Our simple model continues to provide meaningful spectral fits over a large area of the sky, signifying the basic validity of the assumptions about the geometry. Residual instrument calibration uncertainties, particle contamination and scattered solar X-ray background are likely to be the principal sources of error. The discrepancies may also be attributable to long term enhancements which tend to have softer component than the cosmic ray background. Comparison of the best fit halo emission measures found as a function of position lend no positive support to the hypothesis that there is a significant hot gas distribution centred on the LG. A patchy Galactic halo hot gas at temperature log T = 6.3 and with an average EM of 0.02 cm-6 pc is much more likely.
The electron density we would attribute to any LG halo is too small to affect planned investigations of the Cosmic Microwave Background (CMB) anisotropy.

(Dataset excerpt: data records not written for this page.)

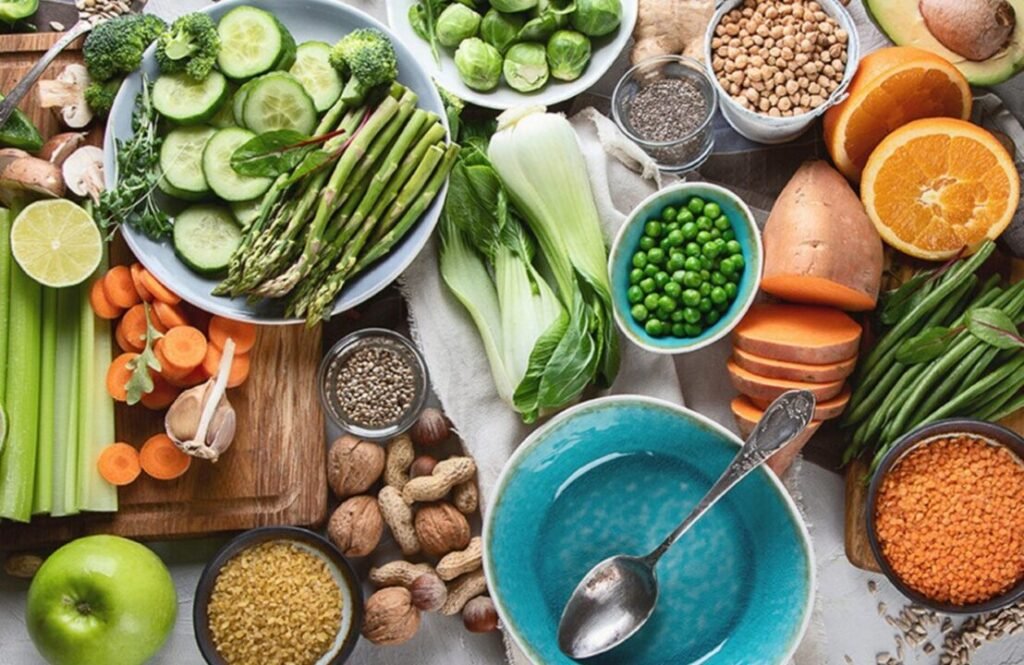 Assorted fresh vegetables, legumes, nuts, and grains spread out on a table, including cucumbers, carrots, asparagus, peas, sweet potato, and citrus fruits, representing a healthy, plant-based diet.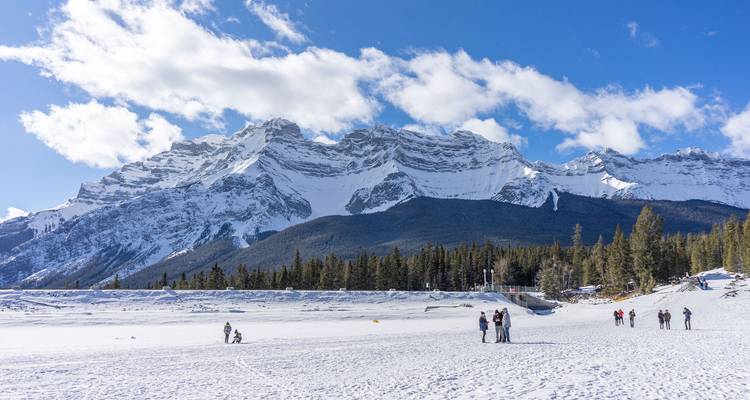 Montagnes enneigées avec quelques touristes qui interagissent sur le lac gelé.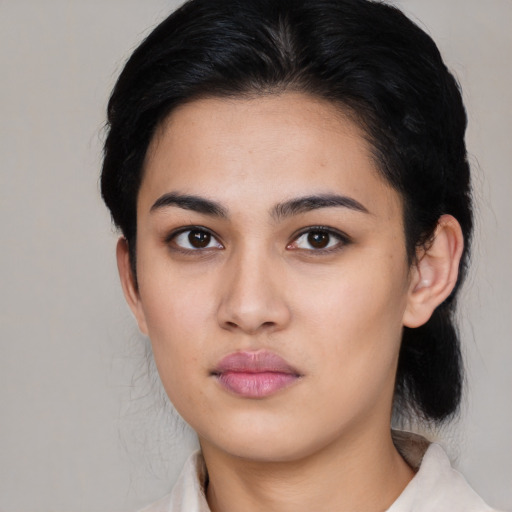 Neutral latino young-adult female with medium  black hair and brown eyes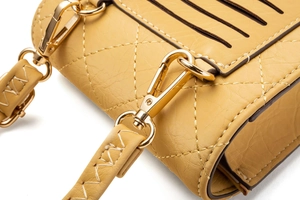 Detail der gelben gesteppten Handytasche mit goldenem Metallverschluss und Naht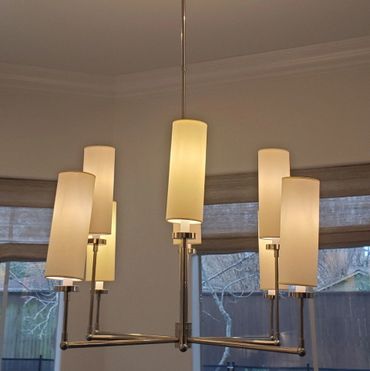 light fixture installation in dining room with a warm light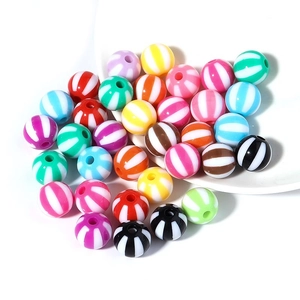 Colorful striped acrylic beads assortment for DIY jewelry making in a white dish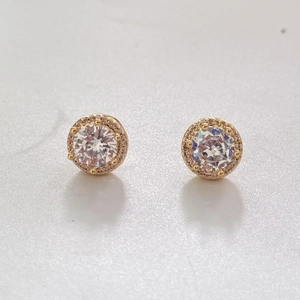 Detailed close-up of gold halo stud earrings with round-cut cubic zirconia and four-prong setting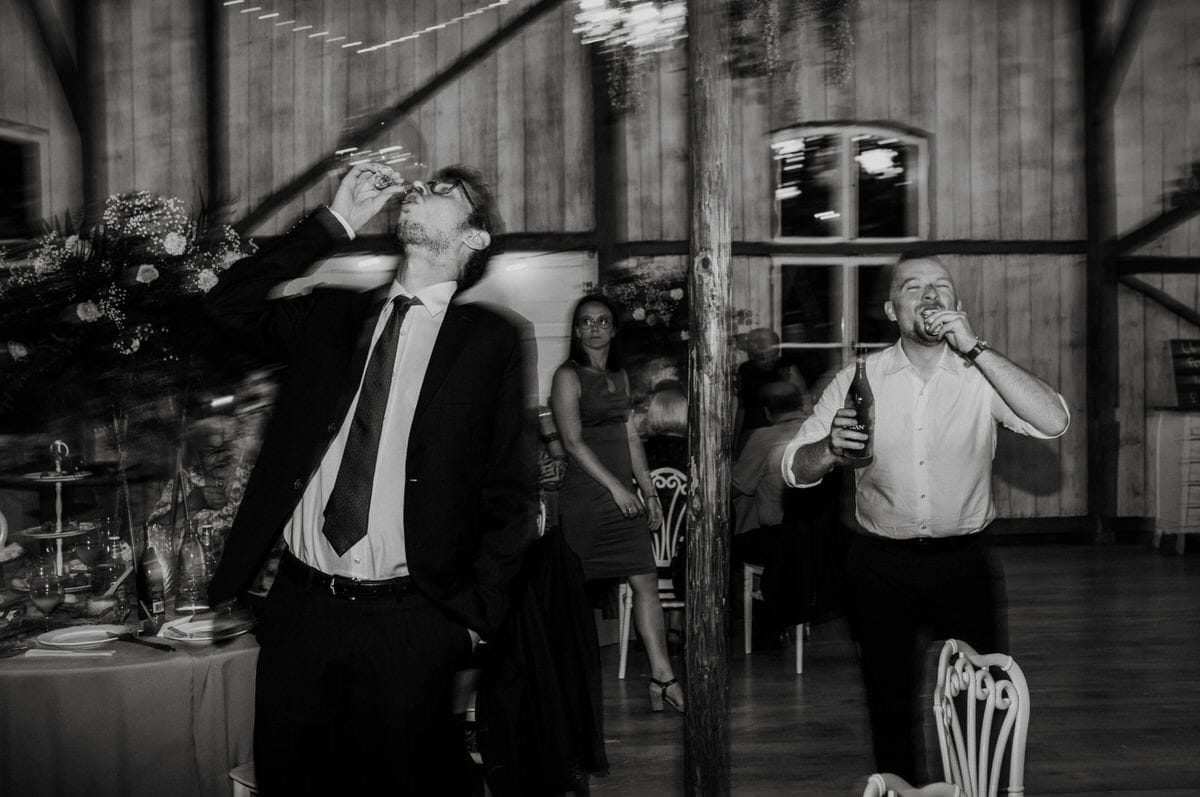 Mężczyźni piją alkohol na weselu w stodole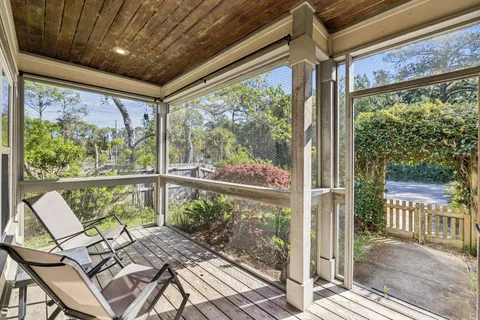 a view of a porch with furniture and wooden floor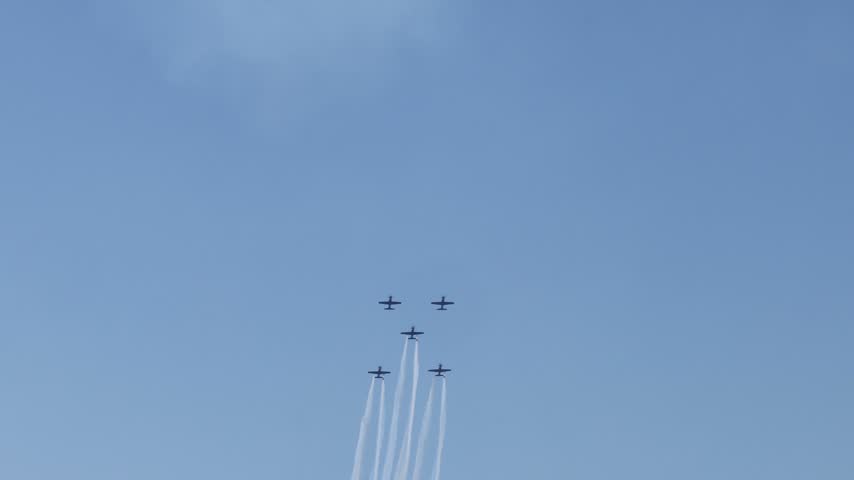 Six propeller aircraft perform an impressive aerial display, flying in formation against a clear blue sky, leaving long white smoke trails, showcasing precision and skill at an airshow.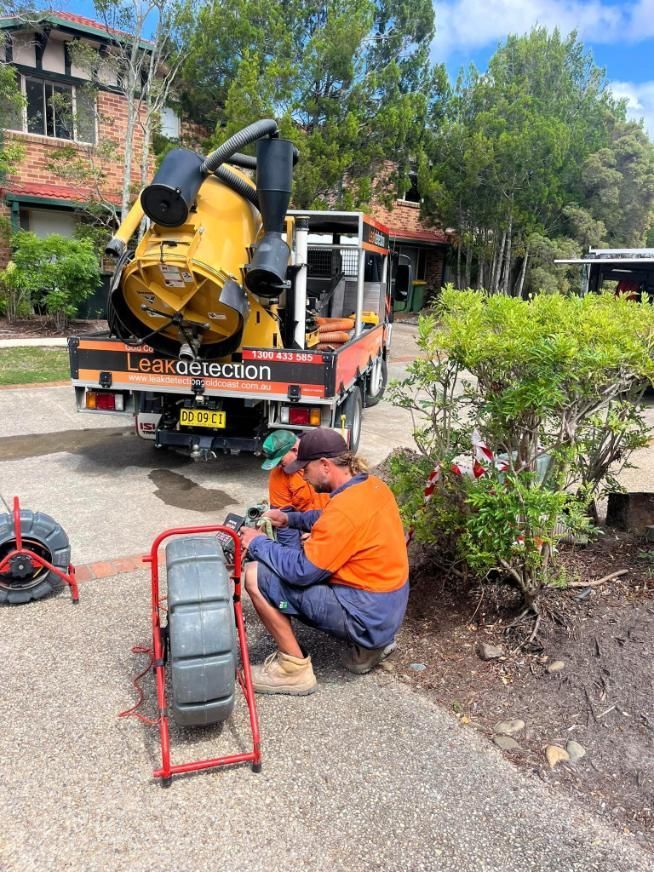 Two Men Are Working on a Drain in Front of a Truck — Gold Coast Leak Detection in Mudgeeraba, QLD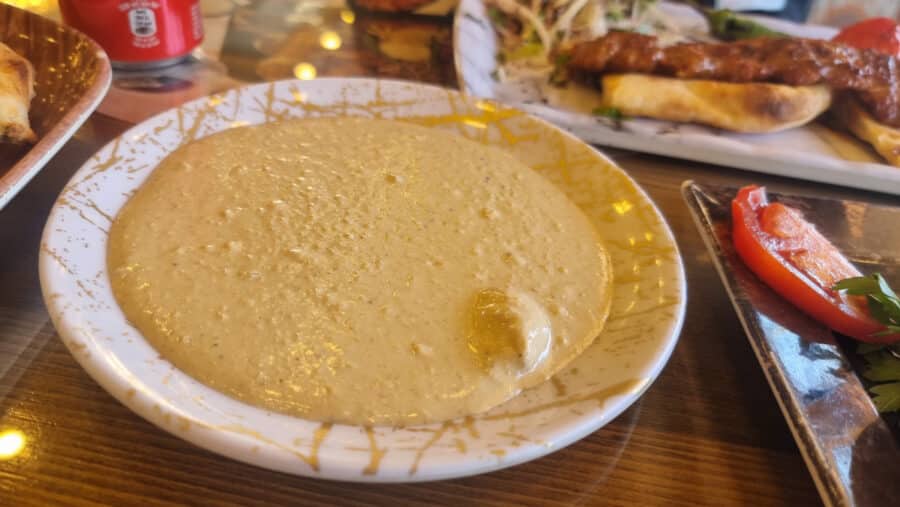 A bowl of smooth, creamy hummus with a dollop of olive oil in the center, served on a table in Goreme with various other dishes in the background.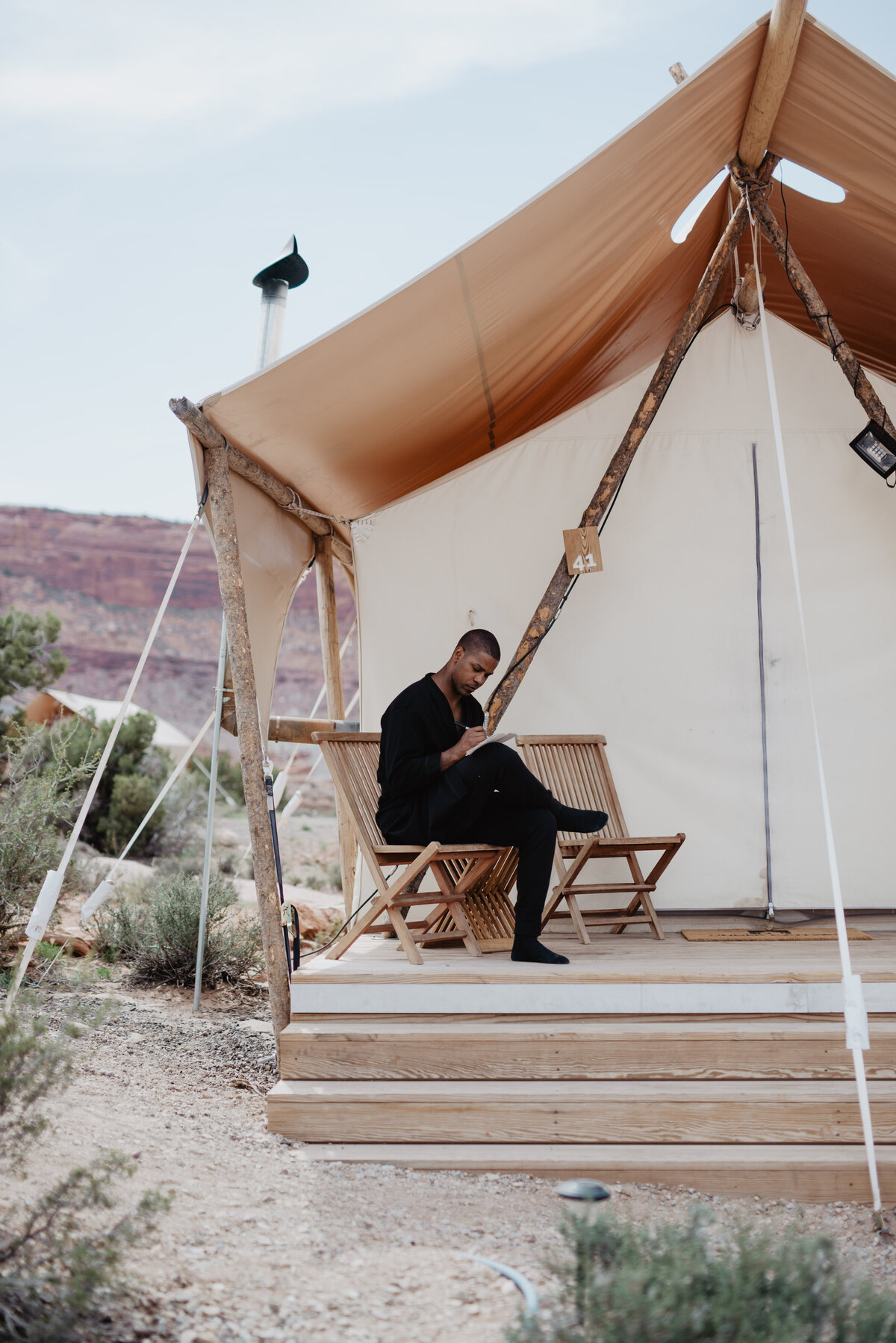 Utah Elopement Photographer captures man sitting on bench writing vows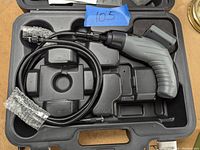Handheld video inspection snake inside molded plastic carrying case with foam cutouts, camera probe ends wrapped in bubble wrap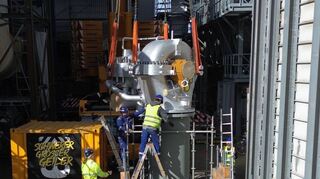 Noch hängt die neue Turbine an den Seilen des Schwerlastkrans – doch gleich ist das Einheben in die Anlage abgeschlossen.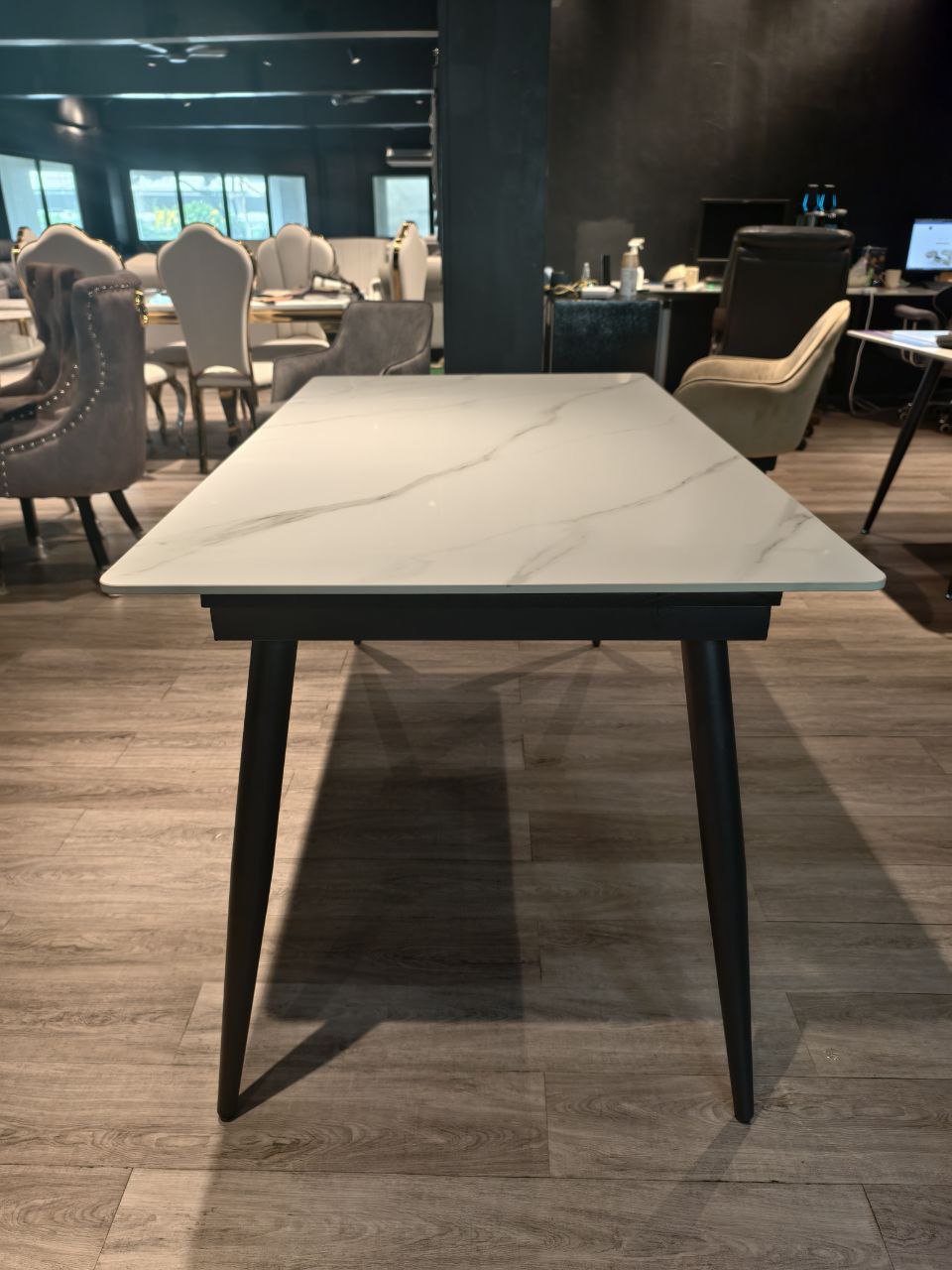 Grey upholstered dining chair beside marble-look dining table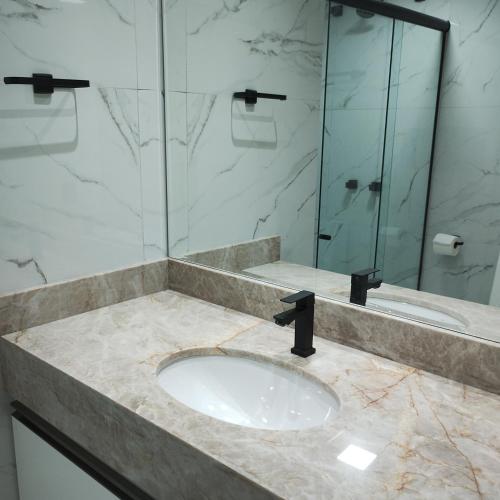 a bathroom with a sink and a glass shower at Eco Paradise 213 in Cumbuco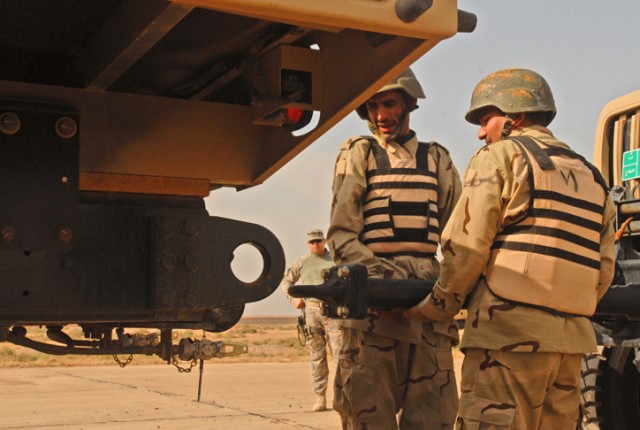 Iraqi Army Soldiers in the 12th MTR, 12th IAD, prepare to connect two vehicles during a truck rodeo competition at K-1 Military Base in Kirkuk, Nov. 1. These Soldiers, after attaching the vehicles, had to pull the truck forward in a safe manner to sh...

It is worth noting that this electron density is only 1/10th of that of the local galactic halo. The observed fluctuations in the 106 K halo render it impossible to investigate the 1 keV SXRB spatial variability to better than 10% accuracy and likewise the 2 keV SXRB to better than 1%.
The spectral fitting in the Lockman hole region in comparison with the all-sky average suggests fluctuations in the power law representation of the intrinsic SXRB by approximately 50%, although we cannot be certain of separating local and true extragalactic sources of spatial variability. We wish to stress the difficulty in the 1-2 keV energy regime of effecting this separation.
Halo EM fluctuations are established at the 30% level over an angular scale of 5o (Table 1). Since there is likely to be less fluctuation power at smaller angular separations, claims that certain clusters of galaxies exhibit EUV excess (e.g. Lieu at al. 1996) are probably safe from this source of contamination as the spatial scales involved are smaller.